While there was a fear in some quarters that the flow of funds would be hampered, it has ceased to be a concern anymore. Director-General of the National AIDS Control Organisation Sujatha Rao says: “Funds may not necessarily reduce too much. For Tamil Nadu still has a long way to go.” In her view, Tamil Nadu tends to spend more on IEC (Information, Education, Communication) campaigns and less on concentrated expenditure for the target groups. This would have to necessarily be an area of change.

Ms.Rao says: “It is time for the State to focus on where the virus is, what intensive methods could be adopted to handle these trouble spots.” Even as she advocates changes in approach, the Director-General is happy with the efforts being made to map the functioning of non-governmental organisations to eliminate duplication in field-level interventions.

Tamil Nadu State AIDS Control Society Project Director Supriya Sahu says: “I don’t see a stoppage of funds in the near future. However, we have new issues that we are addressing now.” She also emphasises that the early thrust on prevention and targeted intervention gainfully employed by the State to reduce prevalence should be sustained to prevent a reversal.

Some new areas of prevention that emerge include populations in rural areas, labour unions, factories, refugees, prisons and the police force.

Akhila Shivadas of the Centre for Advocacy and Research agrees that the “rural epidemic” remains a big challenge in Tamil Nadu, which calls for more intensive efforts. Ms. Sahu says interventions in these areas have already begun.

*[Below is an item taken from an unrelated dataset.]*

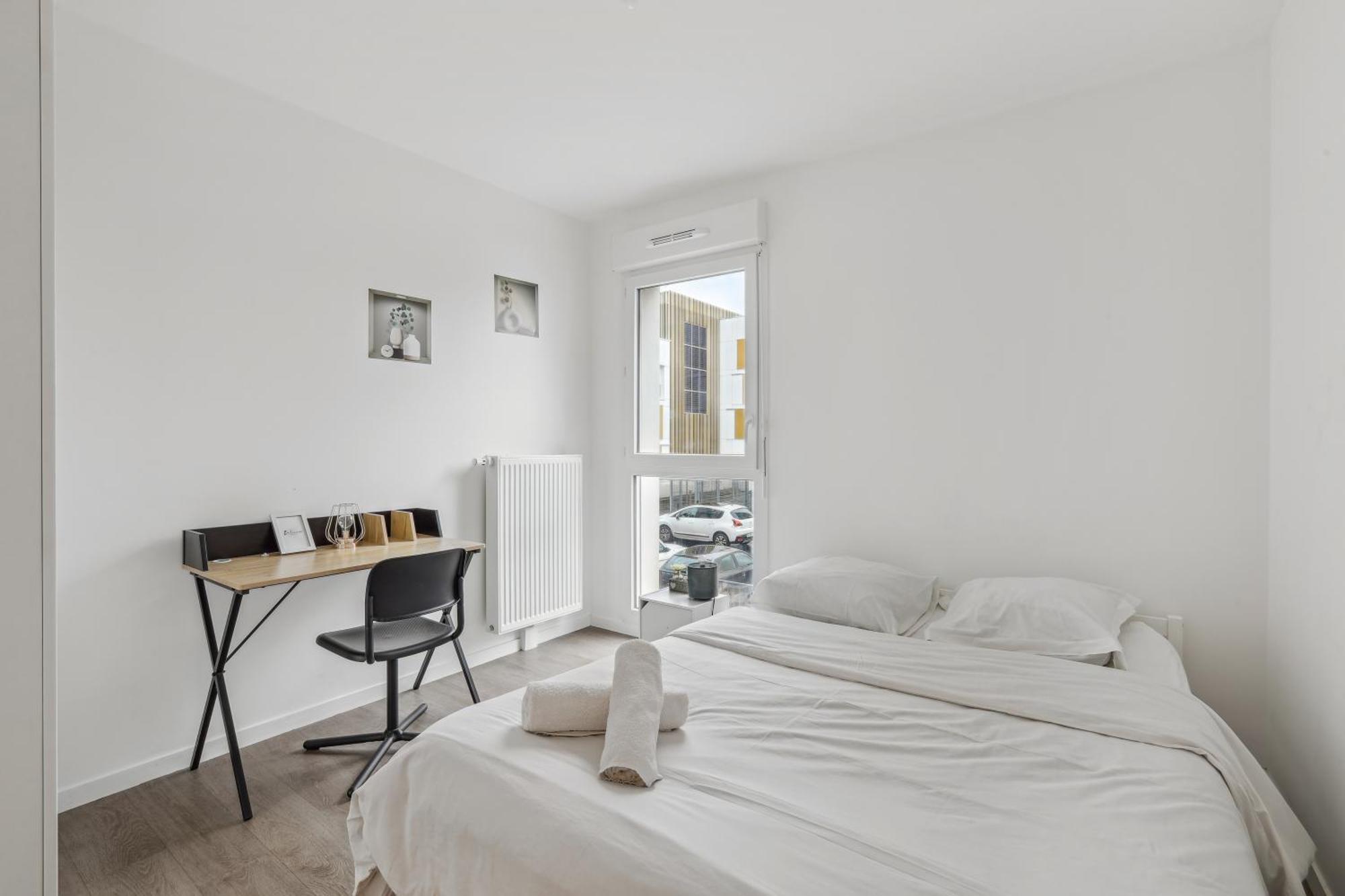 Chic Apart With Terace And Parking Rouen Exterior photo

The TANSACS also sees the need to address the hitherto dormant issues of social security and human rights of the positive people. It is also focussing on providing social security for persons living with HIV/AIDS, especially women, single mothers or widows and destitutes. Ms. Shivadas points to the leading role Tamil Nadu must play as a State with a rich experience of fighting the epidemic. “Tamil Nadu is far ahead of the rest of the country in some areas. This needs to be shared and disseminated to other States, with appropriate alterations,” she says. Rama Pandian of TN Network of Positive People talks of the importance of effecting unity and co-ordination among the positive networks.